■ WORK REQUIRED: When you print the records below, keep every word exact and leave out the images.

(Pictures with short captions)
____________________

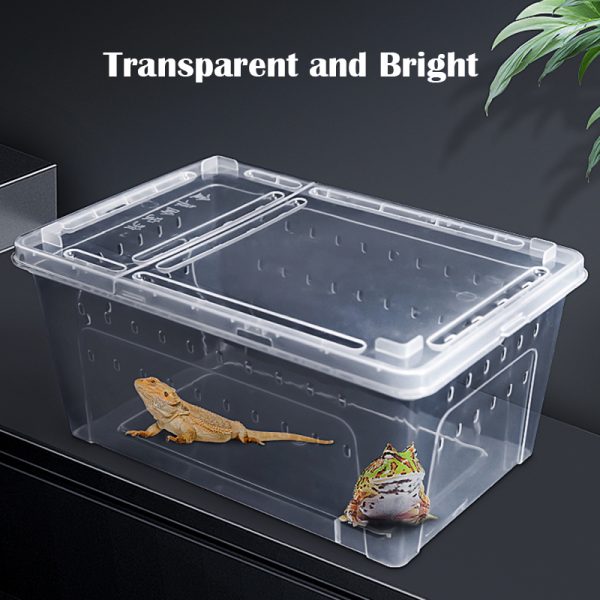 Plastic reptile breeding enclosure PP plastic material transparent black feeding box turtle tortoise lizard cabrite spider tank - Image 2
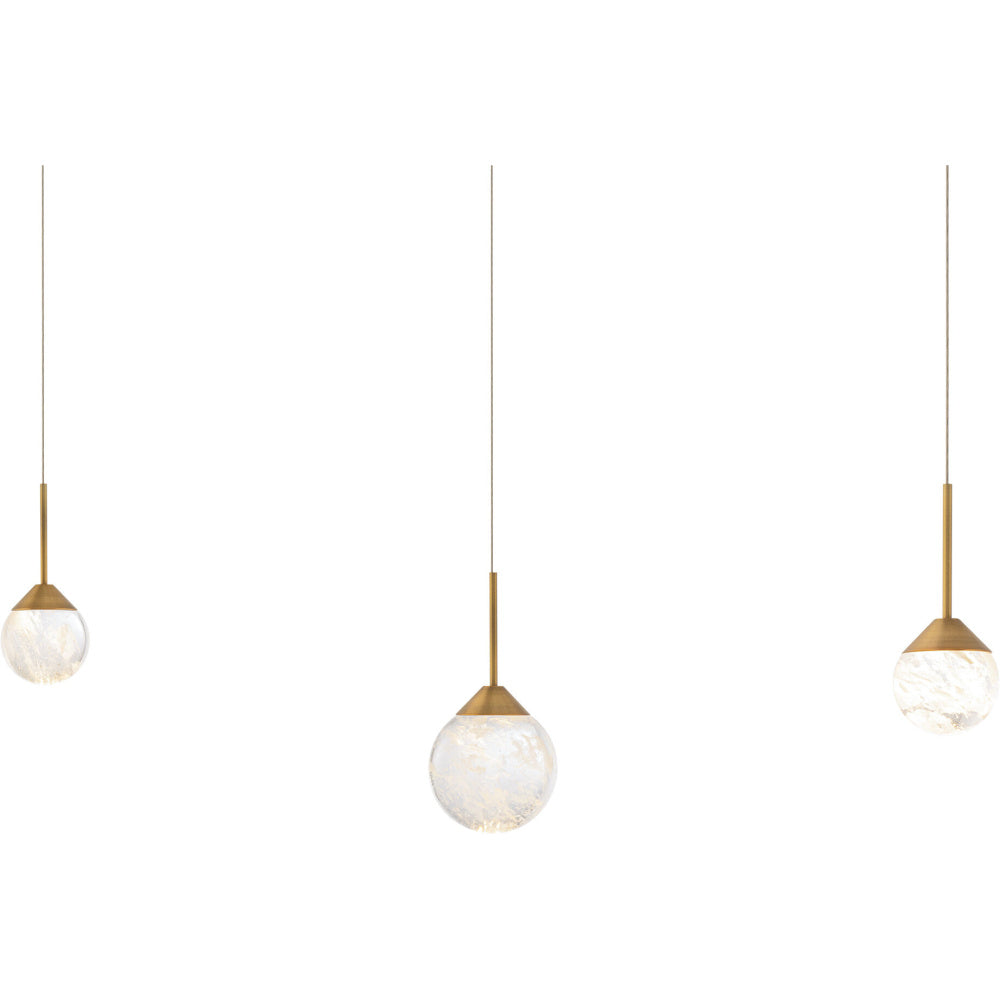 Quest 3 Light 120-277V Multi-Light Pendant (Linear Canopy) in Aged Brass with Optic Haze Quartz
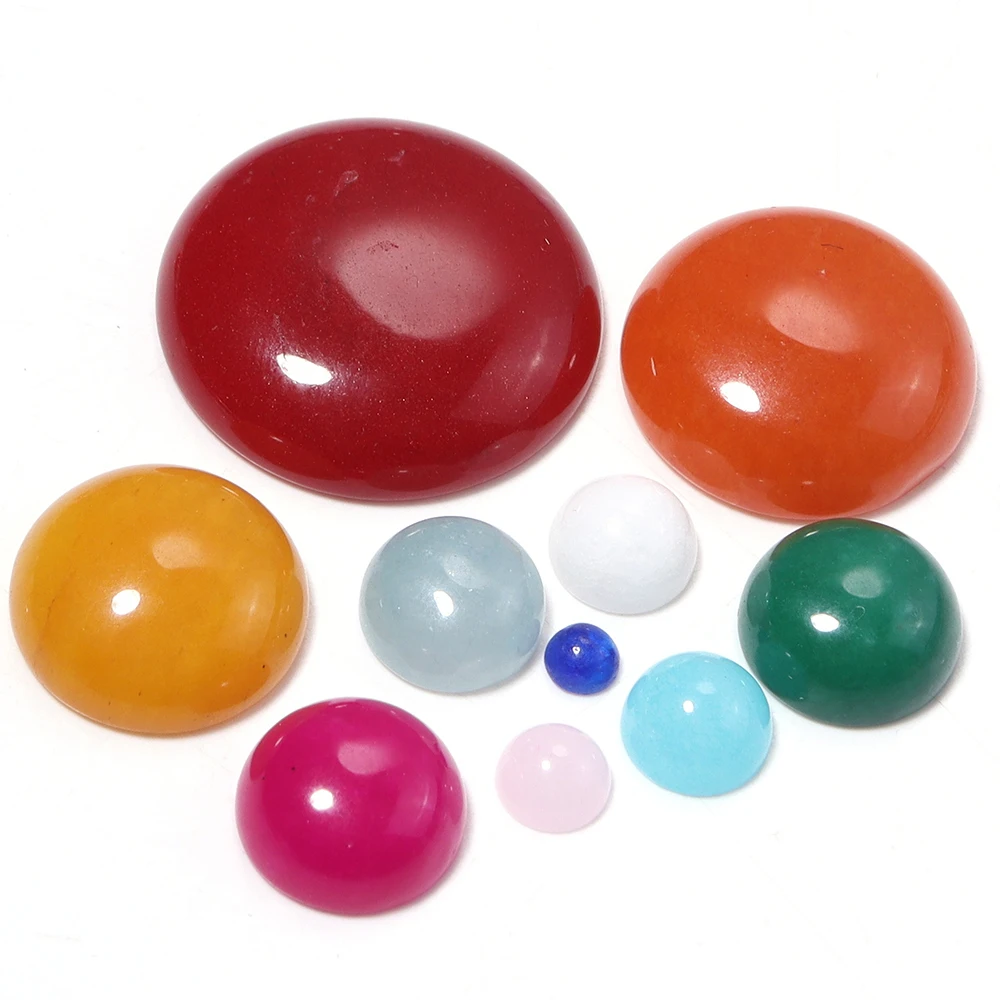 5-10pcs/lot Natural Stone Cabochons Colorful Round Flatback Jade Beads For Jewelry Making DIY Necklace Pendant Ring Accessories view 5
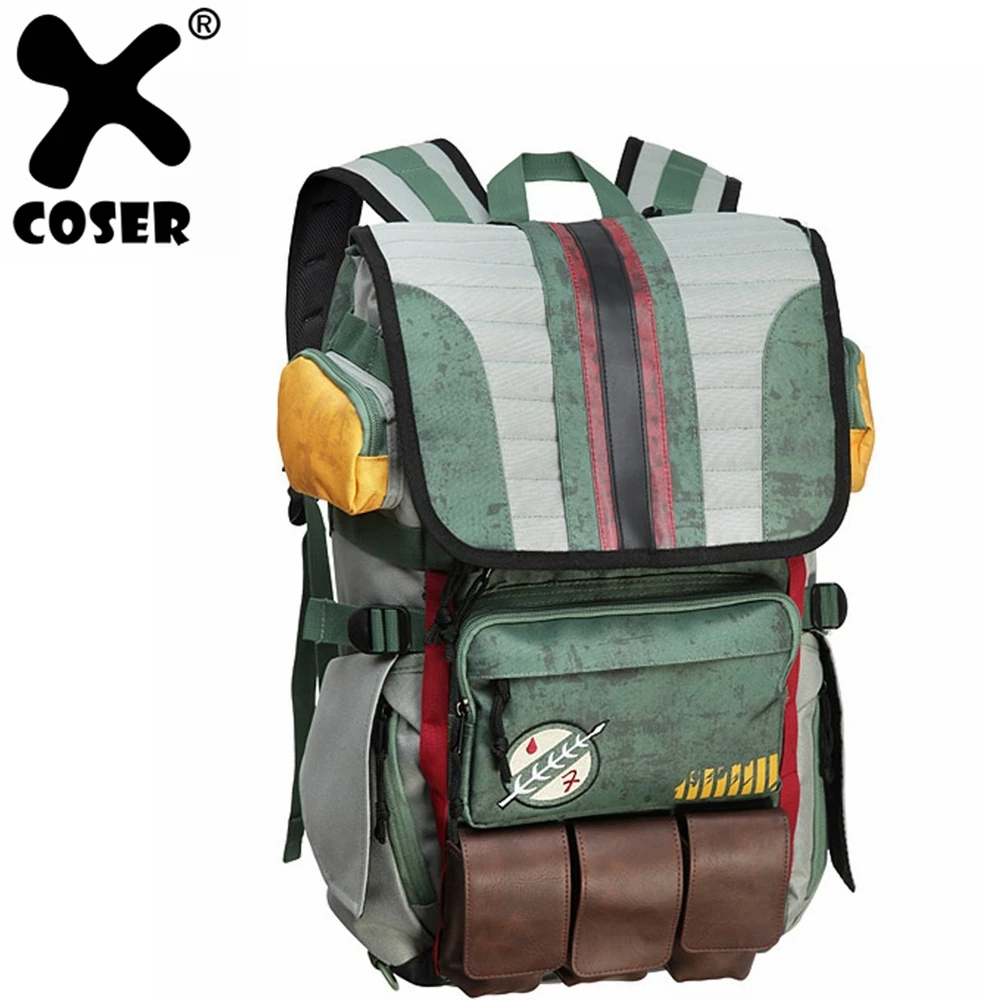 

XCOSER Star Wars Boba Fett Backpack Shoulders Bag Polyester and PU Backpack Halloween Cosplay Costume Accessory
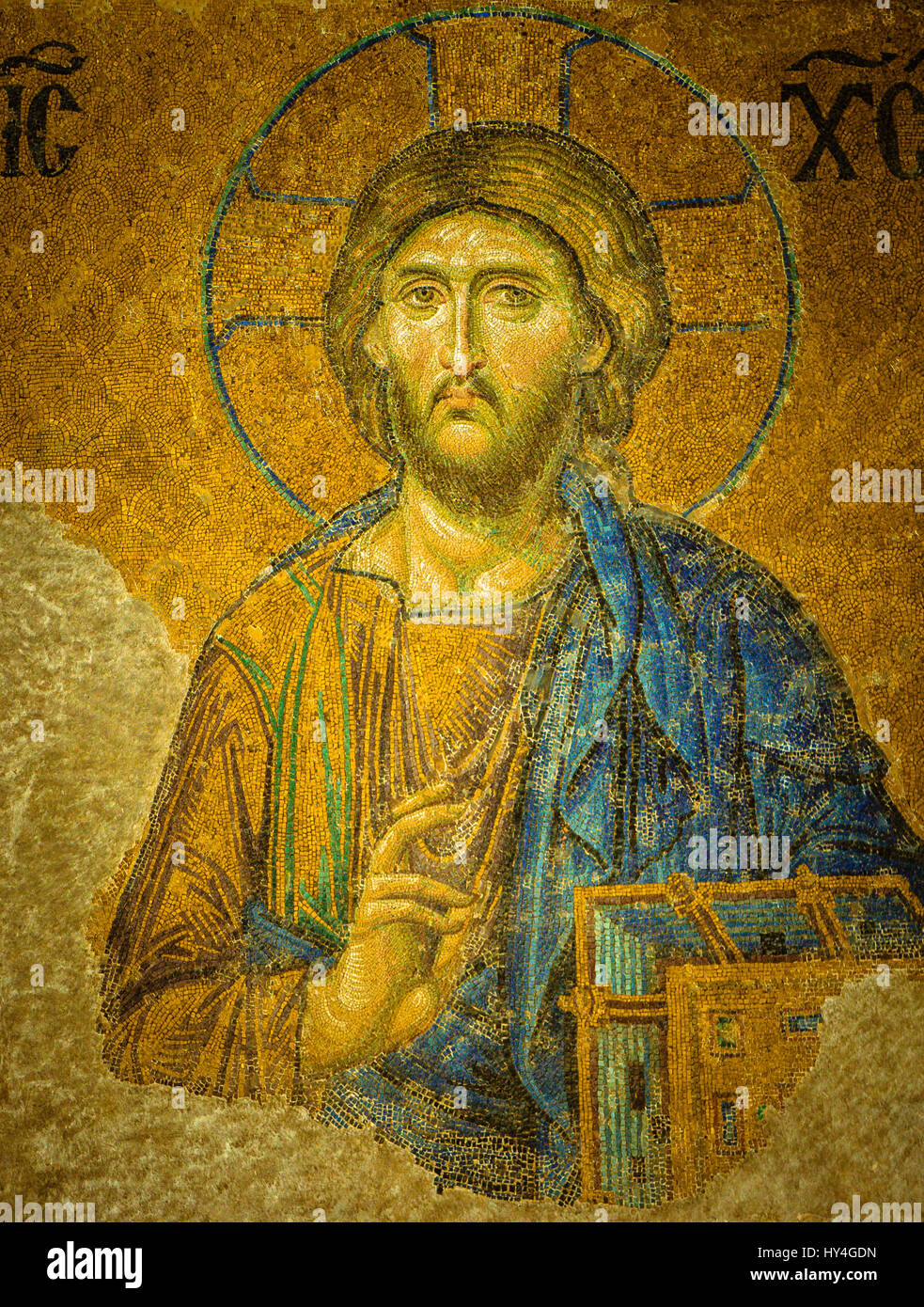 Jesus Christ as pantocrator,  a Byzantine mosaic in the interior of Hagia Sophia, Istanbul, Turkey - October 8, 2013 Stock Photo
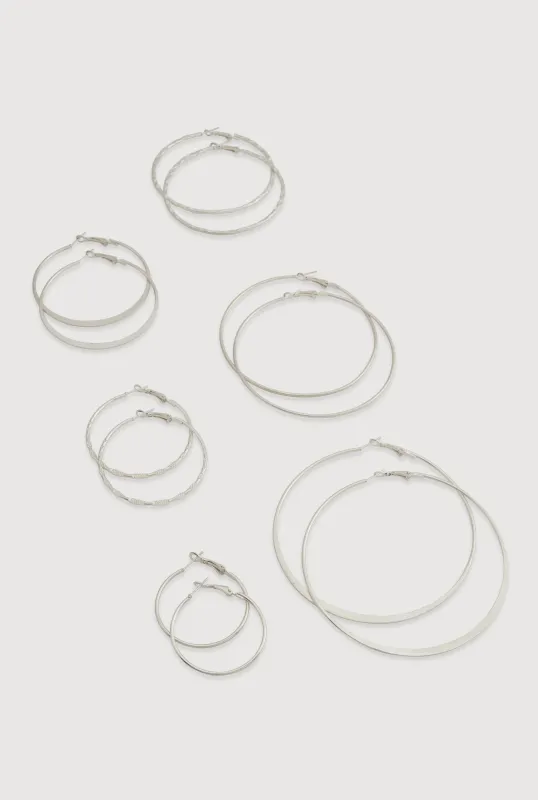 Hoop Earrings Set of 6 made by Rainbow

____________________

■ OUTPUT BELOW:
 Plastic reptile breeding enclosure PP plastic material transparent black feeding box turtle tortoise lizard cabrite spider tank - Image 2
 Quest 3 Light 120-277V Multi-Light Pendant (Linear Canopy) in Aged Brass with Optic Haze Quartz
 5-10pcs/lot Natural Stone Cabochons Colorful Round Flatback Jade Beads For Jewelry Making DIY Necklace Pendant Ring Accessories view 5

XCOSER Star Wars Boba Fett Backpack Shoulders Bag Polyester and PU Backpack Halloween Cosplay Costume Accessory
 Jesus Christ as pantocrator,  a Byzantine mosaic in the interior of Hagia Sophia, Istanbul, Turkey - October 8, 2013 Stock Photo
 Hoop Earrings Set of 6 made by Rainbow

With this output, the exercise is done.